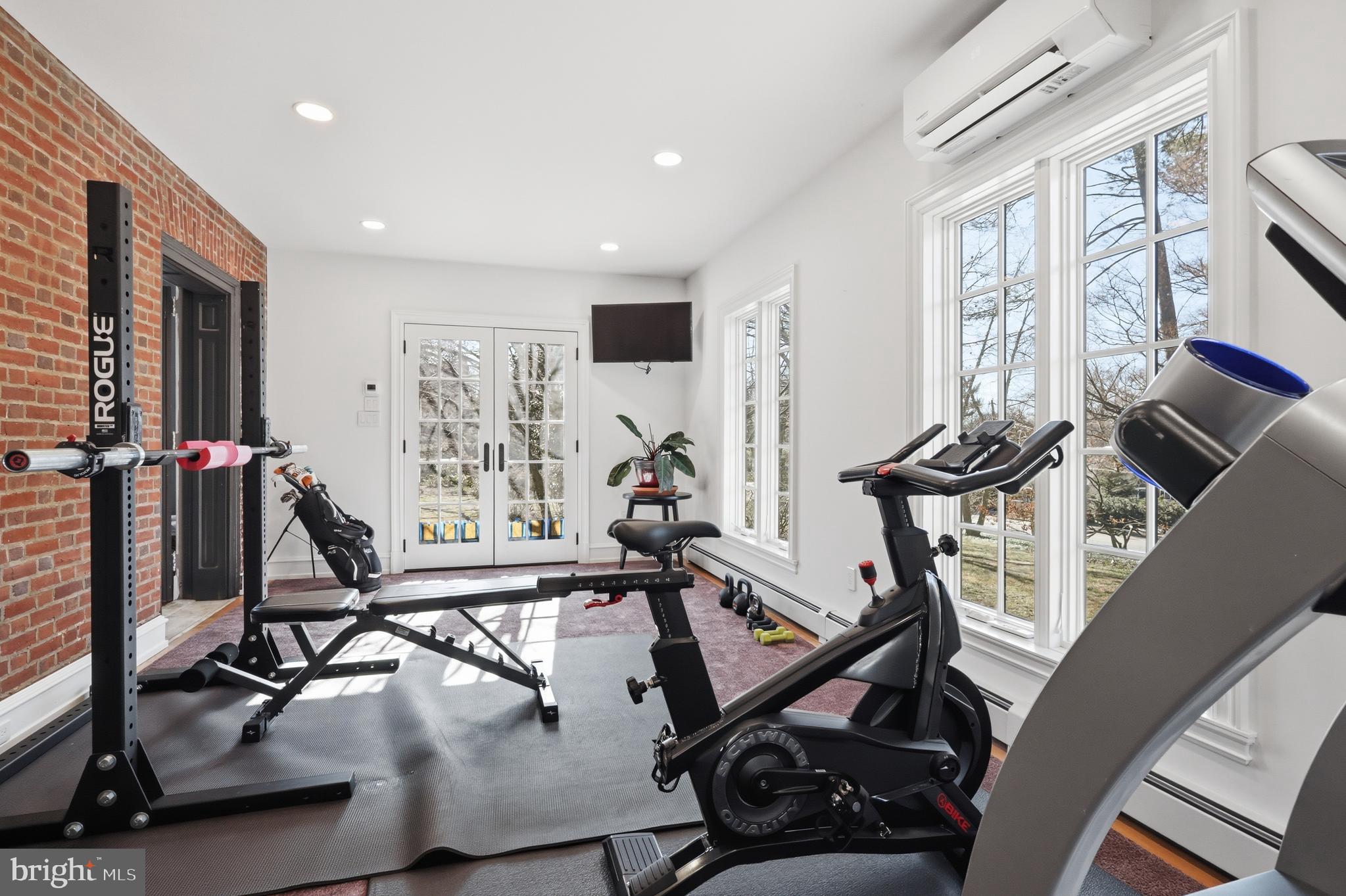 CHESTNUT HILL - Residential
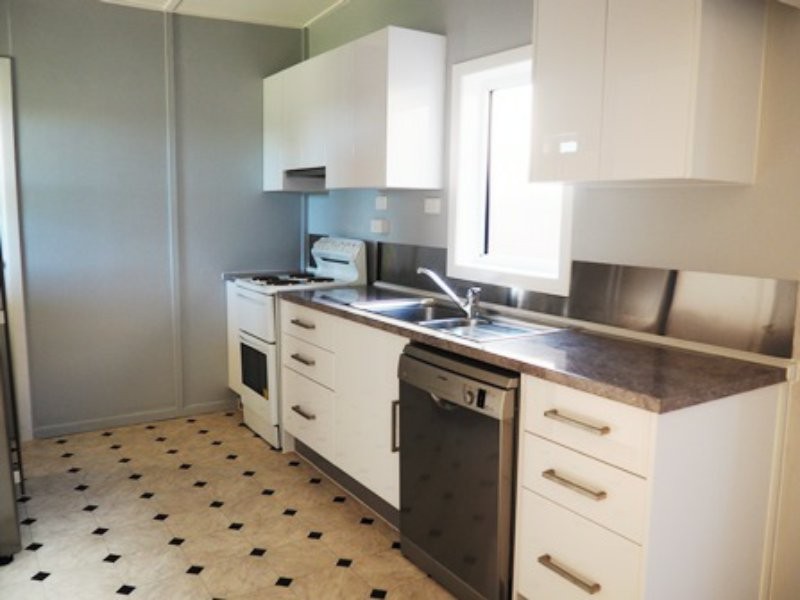 2 Swan Street, Mount Isa QLD 4825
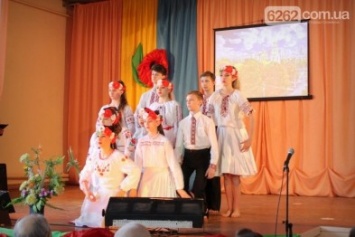 Мужество и отвага сквозь поколения - в Славянске прошел концерт к 9 мая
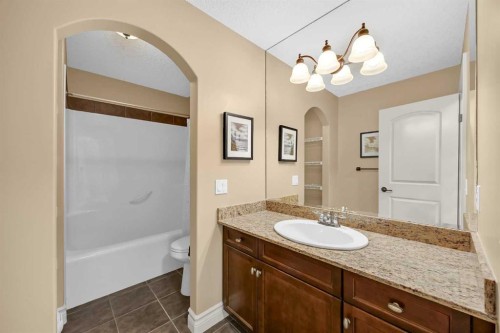 106 Cranleigh Terrace Se, Calgary, AB - Indoor Photo Showing Bathroom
....................
_AIM OF THE EXERCISE_
Restate the listing word for word and drop the pictures.

_EXERCISE RESPONSE_
 CHESTNUT HILL - Residential
 2 Swan Street, Mount Isa QLD 4825
 Мужество и отвага сквозь поколения - в Славянске прошел концерт к 9 мая
 106 Cranleigh Terrace Se, Calgary, AB - Indoor Photo Showing Bathroom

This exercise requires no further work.